• _Work request_: Set down every record below exactly as it stands, with the pictures omitted.

========

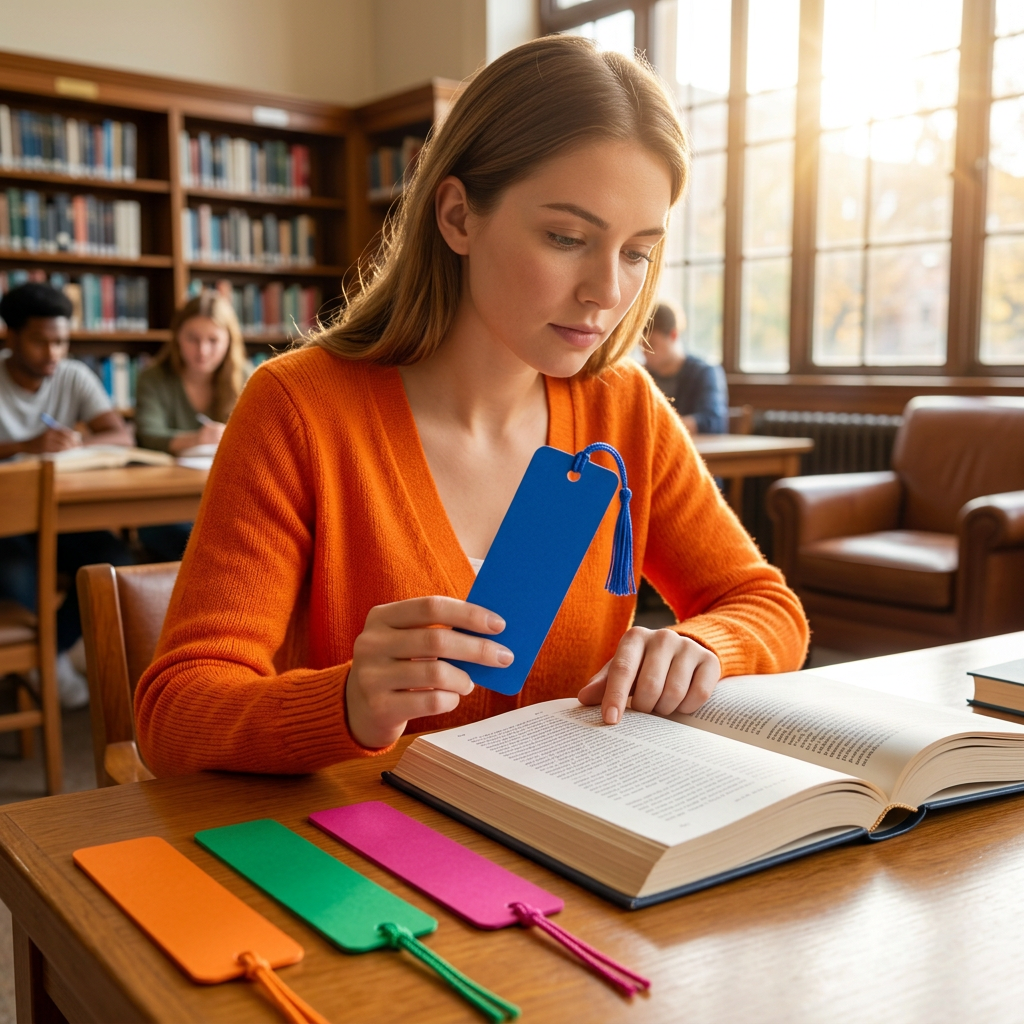 Adult model reading with Page Compass bookmark concept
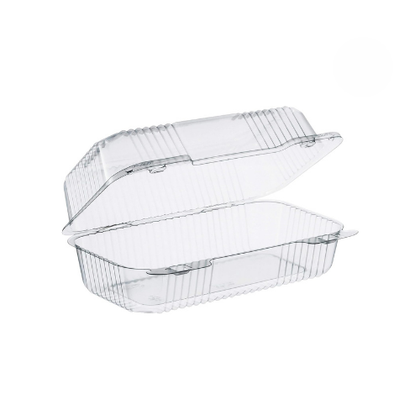 9 x 5.38 x 3.5 Inch Oblong Clear Pet Hinged Clamshell Takeout Container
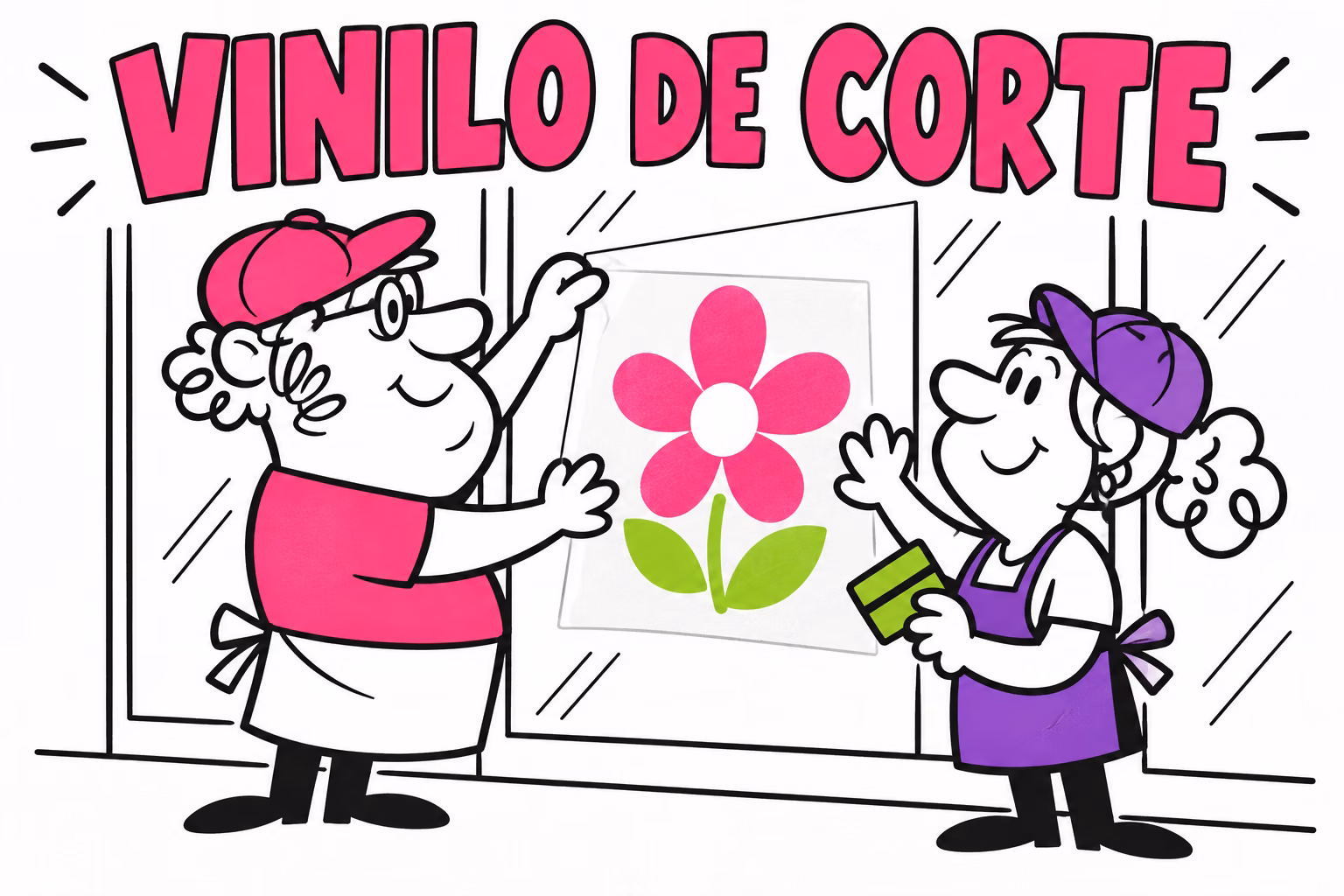 Profesionales ilustrados preparando vinilo de corte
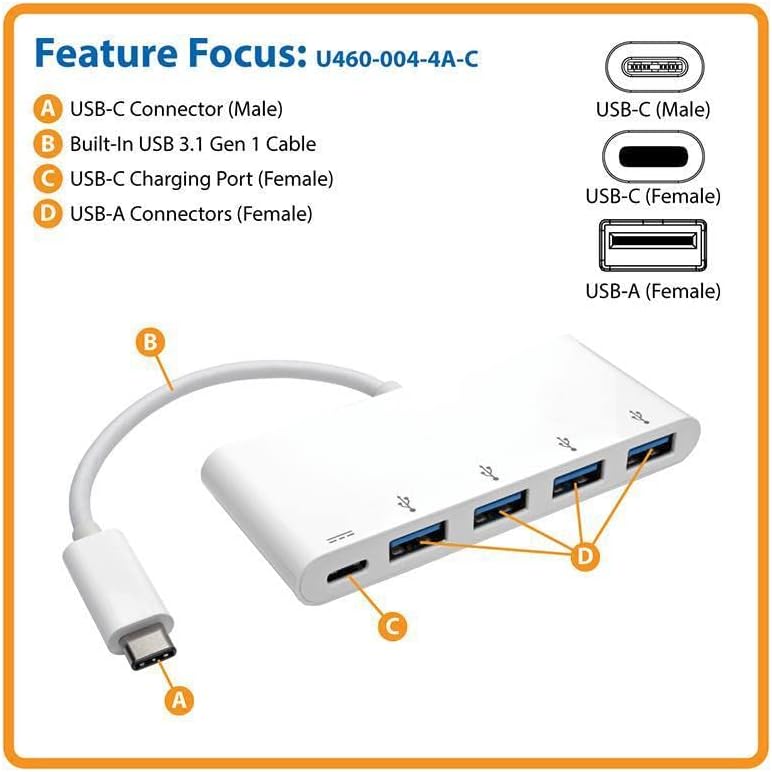 Tripp Lite 4-Port USB 3.1 Gen 1 USB-C to USB-A Portable Hub with x4 USB-A & USB-C Charging Port 5 Gbps (U460-004-4A-C)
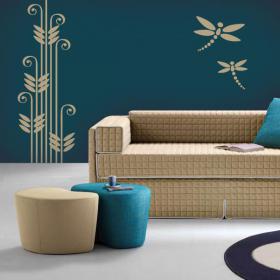 Libellule e fiori decorativi vinile
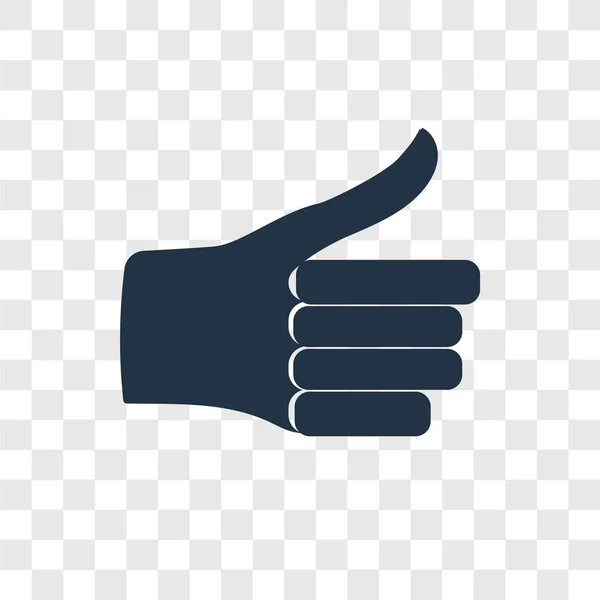Thumb Vetor Ícone Isolado Fundo Transparente Thumb Transparência Logotipo Conceito — Vetor de Stock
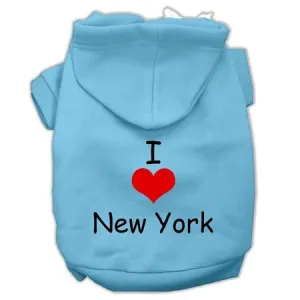 I Love New York Screen Print Pet Hoodies Baby Blue Size Med (12)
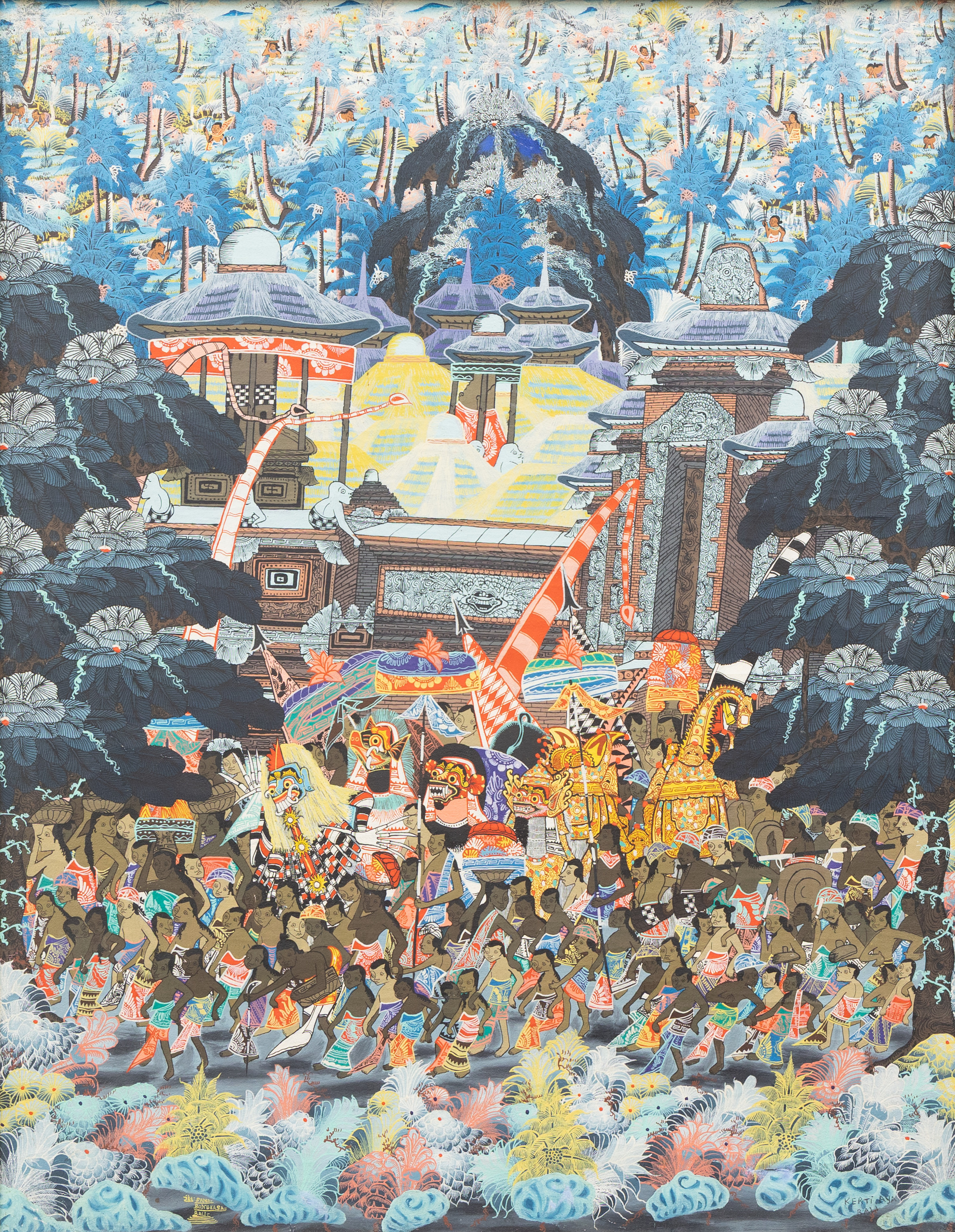 IKT SAMA BONGASA. Den stora festen, blandteknik, signerad.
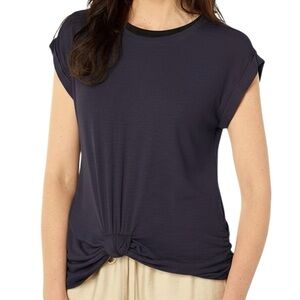 Vince Camuto Ribbed Knot-Front Tee in Black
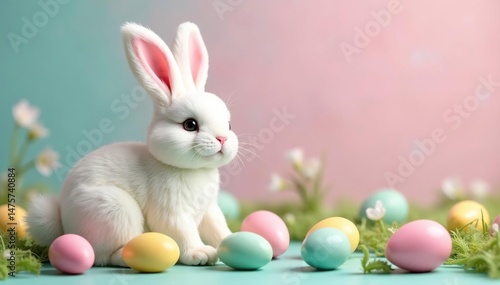 Wallpaper Mural Adorable Easter bunny decoration, perfect for spring celebrations Pastel colors, fluffy tail , spring decor, home Torontodigital.ca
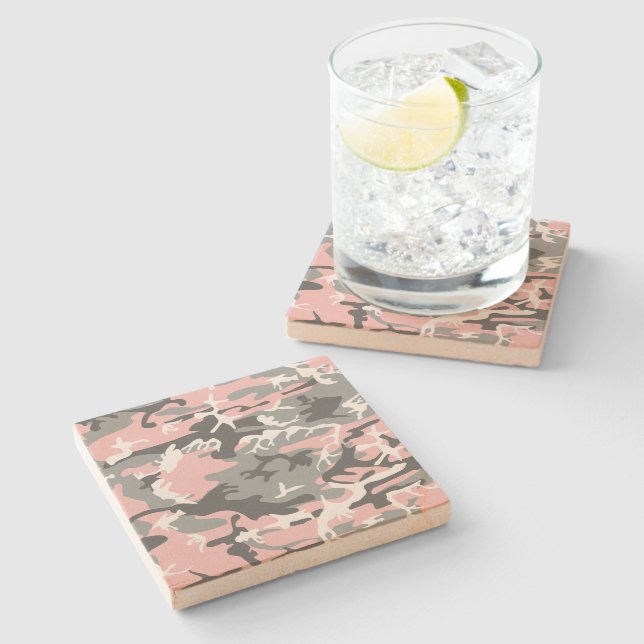 Rosa und graue Camouflage, Militär, Armee Steinuntersetzer (Seitenansicht)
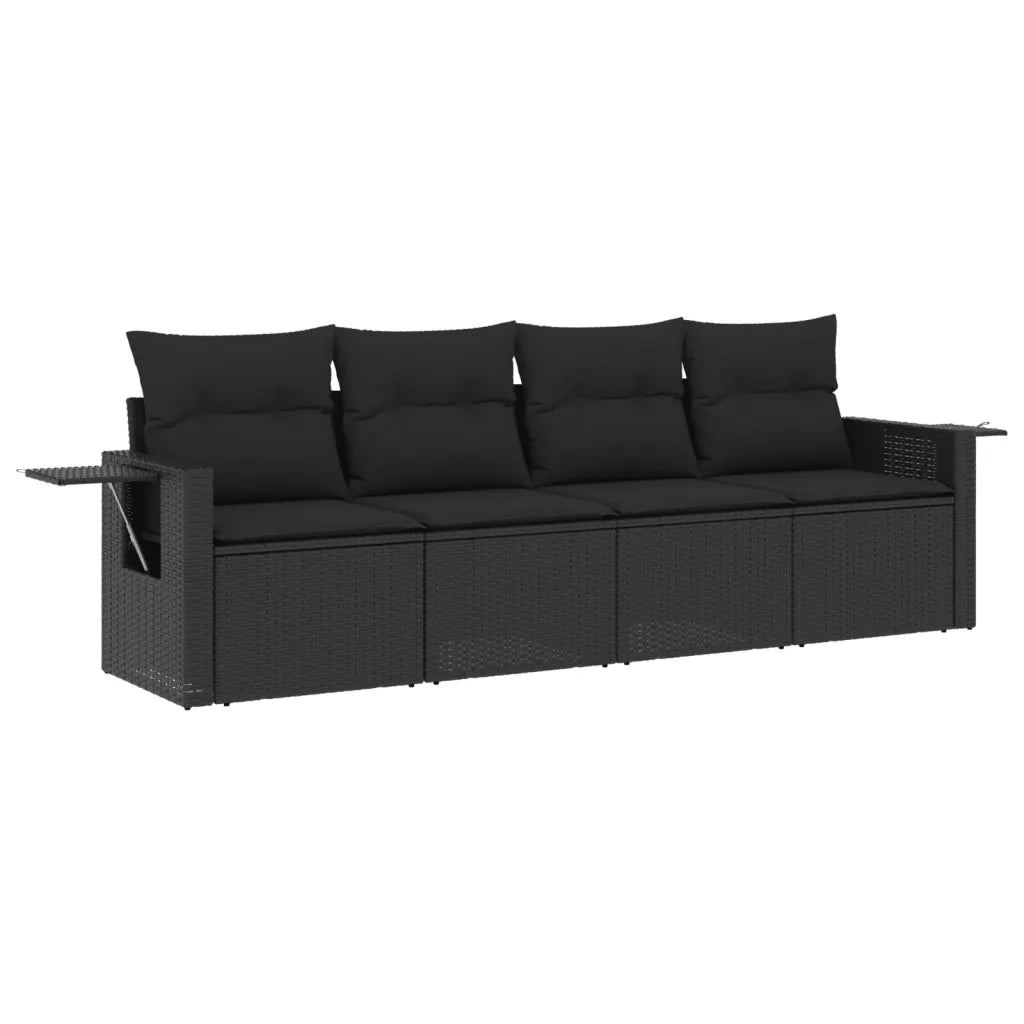 Set Divani da Giardino 4 pz con Cuscini Nero in Polyrattan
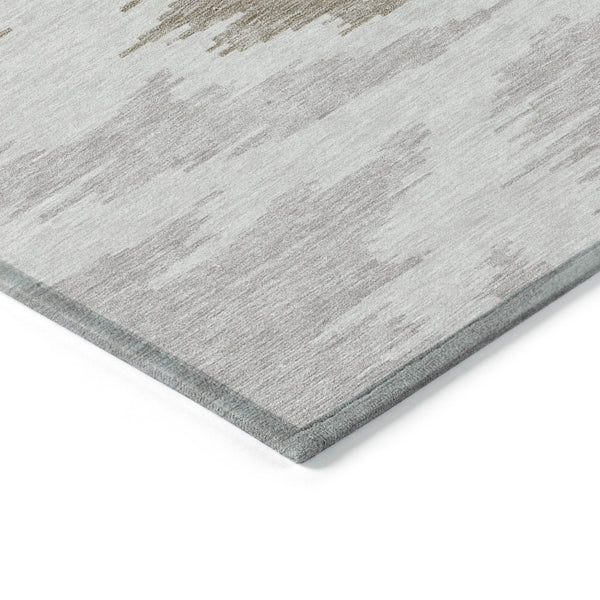 Homeroots 3'' Black Gray Silver Abstract Washable Area Rug For Indoor Outdoor Spaces, Stain Resistant Design 3' X 5' Polyester 584566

========

• _Answer space_:
 Adult model reading with Page Compass bookmark concept
 9 x 5.38 x 3.5 Inch Oblong Clear Pet Hinged Clamshell Takeout Container
 Profesionales ilustrados preparando vinilo de corte
 Tripp Lite 4-Port USB 3.1 Gen 1 USB-C to USB-A Portable Hub with x4 USB-A & USB-C Charging Port 5 Gbps (U460-004-4A-C)
 Libellule e fiori decorativi vinile
Thumb Vetor Ícone Isolado Fundo Transparente Thumb Transparência Logotipo Conceito — Vetor de Stock
 I Love New York Screen Print Pet Hoodies Baby Blue Size Med (12)
 IKT SAMA BONGASA. Den stora festen, blandteknik, signerad.
 Vince Camuto Ribbed Knot-Front Tee in Black
 Wallpaper Mural Adorable Easter bunny decoration, perfect for spring celebrations Pastel colors, fluffy tail , spring decor, home Torontodigital.ca
 Rosa und graue Camouflage, Militär, Armee Steinuntersetzer (Seitenansicht)
 Set Divani da Giardino 4 pz con Cuscini Nero in Polyrattan
 Homeroots 3'' Black Gray Silver Abstract Washable Area Rug For Indoor Outdoor Spaces, Stain Resistant Design 3' X 5' Polyester 584566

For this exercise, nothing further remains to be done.